The family and our best friends went on safari to eat our way down Shattuck Avenue in Berkeley today, and discovered that there are a lot of new additions since our last trip. Across the street from the Cheese Board is a new mini-Ferry Building called “Epicurious Garden”, which contains a sushi place, a soup place, a very tempting looking taqueria, an Imperial Tea Court, and a place called Alegio Chocolate.
Alegio is a small chocolate shop that sells the product of two premium producers, Pralus, an old-line French manufacturer, and Enric Rovira (quite a stunning website), a Barcelona producer I had never seen before. The Rovira line includes a dizzying array of Bombolas, which are various nuggets of goodness covered in chocolate. (I saw coffee, pink peppercorn, tea, and at leat five others. The website lists (in Spanish): two kinds of coffee, two kinds of almonds, hazelnut, ginger, cacao, corn, orange peel, caramel-cola, red pepper, violets, squash seeds, “cansalada?”, lime, and smoked cacao.) They also have straight 75% from Rovira, which is exceptionally smooth and somewhat herbal tasting.
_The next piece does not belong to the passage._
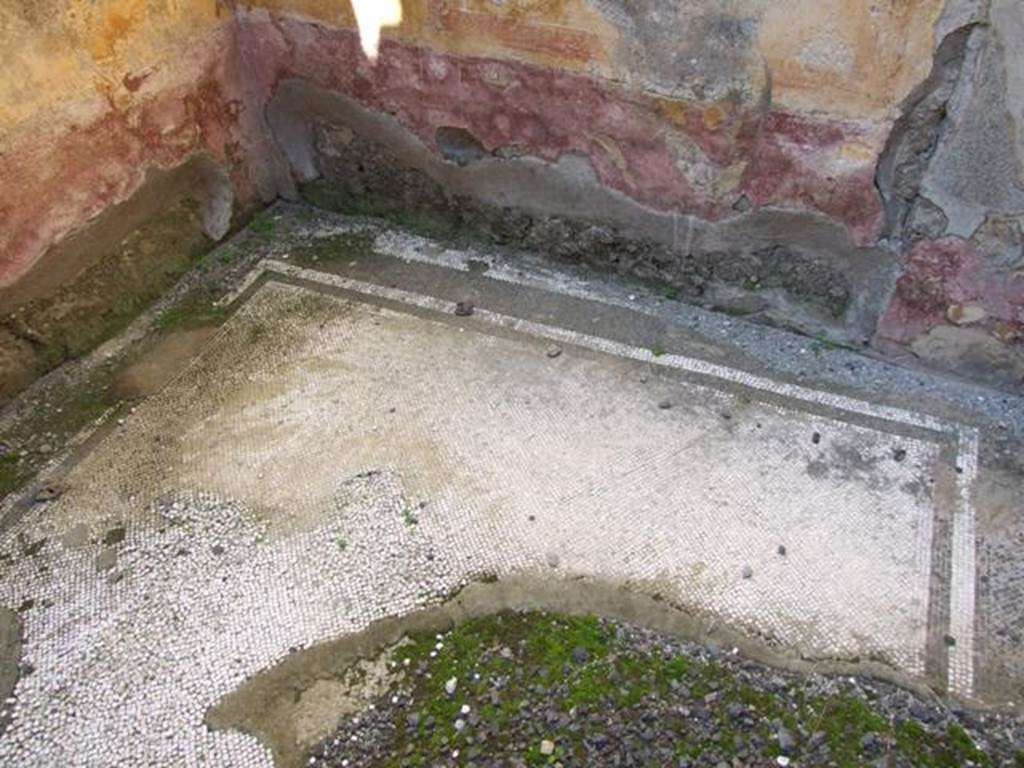 VI.14.20 Pompeii. March 2009. Room 9. Remains of mosaic floor.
This trip, I got the naranja (orange) and maiz (corn) Bombolas, and they are astounding. Each is covered in a different way, the corn with straight chocolate, and the orange with chocolate and powdered sugar. The corn is toasted, and blends in a very unusual way with the chocolate. I was curious about this pairing, since this is the classic Aztec/Mayan combination. The one flavor note missing in chocolate is salt (it contains almost none), and the corn fills this note in. One of my other favorite compounded chocolate confections is the Recchutti salted caramel. Done right, salt+chocolate is a great combination. Wendy thought it sort of was like a chocolate frito, which to my mind is not all bad. It’s a nice change from the overly sweet sort of truffle/covered items that one usually finds. Quite pleasant, and defintely in the El Bulli tradition of experimental (and $$$) Spanish cuisine. The Rovira items are quite expensive, running $4-5 an oz!
For research purposes, I also grabbed a bar each of the Pralus Ghana Forestero, Madagascar Criollo, and Venezuela Trintario. The idea of Madagacar Criollo is an odd one, as this is usually an exclusively Latin American bean. Apparently, Pralus now owns their own farm and fermentation facility on Madagascar and has started cultivating a South American strain there. Haven’t tasted yet, but will post notes when I do.
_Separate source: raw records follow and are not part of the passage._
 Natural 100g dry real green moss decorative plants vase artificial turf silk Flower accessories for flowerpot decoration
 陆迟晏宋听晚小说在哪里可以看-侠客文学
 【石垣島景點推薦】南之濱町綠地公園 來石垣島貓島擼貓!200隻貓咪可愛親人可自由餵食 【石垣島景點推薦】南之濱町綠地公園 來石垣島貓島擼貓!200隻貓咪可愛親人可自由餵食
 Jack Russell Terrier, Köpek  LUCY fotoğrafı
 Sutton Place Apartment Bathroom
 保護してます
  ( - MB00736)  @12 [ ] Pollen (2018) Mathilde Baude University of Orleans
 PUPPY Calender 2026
The great thing about Alegio is that they are definitely moving in the direction of marketing single origin dark chocolate in the same model as wine. Same quality of marketing, same model of tasting notes. The level of finish and design on these products (outside of the actual chocolate) is a little intimidating. Just check out the Rovira website to see what I mean.
One other item of interest found while looking for the Alegio web site. There is a regular Berkeley Chocolate Club that meets for monthly tastings. On the list for investigation.